Separation of issues

  1. The parties presented complex financial arguments, producing spreadsheet calculations that did not necessarily deal with all the matters of consequence that subsisted between them. At the outset of the hearing, Oval applied for the separate determination of identified questions so that the parties and their experts could then apply the findings on those issues to enable them to either reach agreement on the monetary consequences of such findings, or to alternatively seek to adduce further evidence to establish quantum in the absence of agreement between the parties on such consequential matters.

  1. During the course of the hearing I indicated that I would determine the plaintiff's application for the separate determination of the issues in the course of my consideration of evidence and argument. Having heard the respective arguments, and having examined the complex financial spreadsheets that had been printed, I now formally grant that application. I make that order because of the intricate complexity of the calculations that arise, and because the balance of convenience indicates this course to be the most cost effective option for the parties. The court is not in a position to examine the complex data stored within the CD-Rom that was tendered in evidence.

  1. It appears that at the case management hearings of this matter in the Commercial List, the parties did not expose for consideration by the court, the detailed financial complexity of the matter. Had they done so, the financial calculations required to be reached in the proceedings would most probably have been sent to a referee pursuant to UCPR r 20.24(1). However, given the procedural stage proceedings had reached, having regard to the requirements of s 56 of the Civil Procedure Act 2005, I considered it was inappropriate to refer the matter to a referee at the commencement of the hearing. Instead, I determined that the fairest and most expeditious course would be to deal with the separate questions, as was submitted by Oval, and to defer the assessment of final quantum pending agreement by the parties on the monetary effect of my findings, or so that further evidence could be called, as the case may be.

Evidence overview

  1. Oval's only witness was Mr Scott Gustetter, a director of Oval. Mr Gustetter was an expert in airline marketing strategies and related business costings. REX's only witness was Mr Irwin Tan, the general manager of REX in Australia. Each of these witnesses had deposed to complex affidavits, which were read. That evidence included financial spreadsheets and were constructed upon a number of variables that influenced the ultimate quantum of the claim.

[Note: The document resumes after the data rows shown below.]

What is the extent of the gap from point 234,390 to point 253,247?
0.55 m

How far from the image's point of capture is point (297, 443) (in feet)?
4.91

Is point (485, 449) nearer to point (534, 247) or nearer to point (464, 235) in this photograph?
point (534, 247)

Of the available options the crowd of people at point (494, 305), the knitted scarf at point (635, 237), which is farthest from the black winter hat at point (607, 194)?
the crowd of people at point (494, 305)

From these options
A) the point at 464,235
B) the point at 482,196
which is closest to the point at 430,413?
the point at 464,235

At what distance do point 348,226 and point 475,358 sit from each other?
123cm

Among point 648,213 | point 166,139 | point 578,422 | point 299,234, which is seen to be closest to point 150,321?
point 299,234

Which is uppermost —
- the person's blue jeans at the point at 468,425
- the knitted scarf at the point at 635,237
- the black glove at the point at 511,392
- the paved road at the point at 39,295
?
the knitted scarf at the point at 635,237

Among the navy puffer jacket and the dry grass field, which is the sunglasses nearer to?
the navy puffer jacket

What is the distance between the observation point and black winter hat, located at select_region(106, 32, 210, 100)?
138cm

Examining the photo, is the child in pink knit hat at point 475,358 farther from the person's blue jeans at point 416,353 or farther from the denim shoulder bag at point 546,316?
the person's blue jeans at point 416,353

  1. The plaintiff formally tendered a CD-Rom disc that contained financial data and spreadsheets: Exhibit "A". Ultimately, due to the order made for the separation of issues, it was not necessary to refer to the detail of this material.

  1. Mr Gustetter prepared an initial spreadsheet setting out his assessment of the amount of Oval's claimed entitlement under the deed: Tab 26 of SG1 . That claim was disputed by REX. Mr Tan responded to that spreadsheet by disputing Mr Gustetter's calculations. Mr Gustetter subsequently responded to Mr Tan's critical analysis by making a number of concessions on various points in issue. Despite those concessions, by their respective analyses, the parties remain unable to resolve their differences. Those differences have prevailed due to differing underlying factual contentions. In turn, these questions relate to matters of interpretation of the terms of the retainer deed.

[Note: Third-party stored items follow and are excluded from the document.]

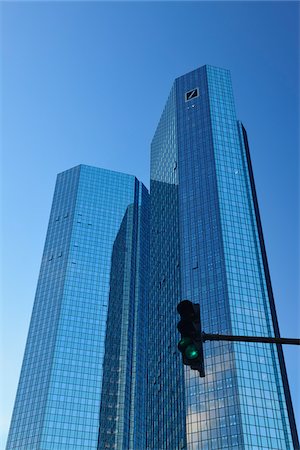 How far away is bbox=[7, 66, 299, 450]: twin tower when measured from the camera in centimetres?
9331

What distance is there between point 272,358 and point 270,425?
1361 cm

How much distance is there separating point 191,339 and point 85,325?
490ft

  1. The parties each relied upon their own interpretation of the effect of the terms of the 29 April 2003 retainer deed they had executed. The terms of that deed defined the relevant charges. Clause 6.3 of the deed contained a formula for the calculation of the remuneration of REX. It is appropriate to set out the relevant terms of the retainer deed.

Terms of the retainer deed

  1. The retainer deed between the parties was annexed as Tab 2 to the Exhibit to the 9 December 2009 Affidavit of Mr Gustetter: ["SG1"]. Some provisions of the deed were clear and required no interpretation. Others required construction. The operative provisions of the retainer deed comprised clauses 1 to 14. Schedule 1 to the retainer deed is concerned with interpretation and with miscellaneous provisions as well as some relevant definitions. Schedule 2 to the retainer deed sets out the services that were to be provided by Oval in 4 identifiable phases.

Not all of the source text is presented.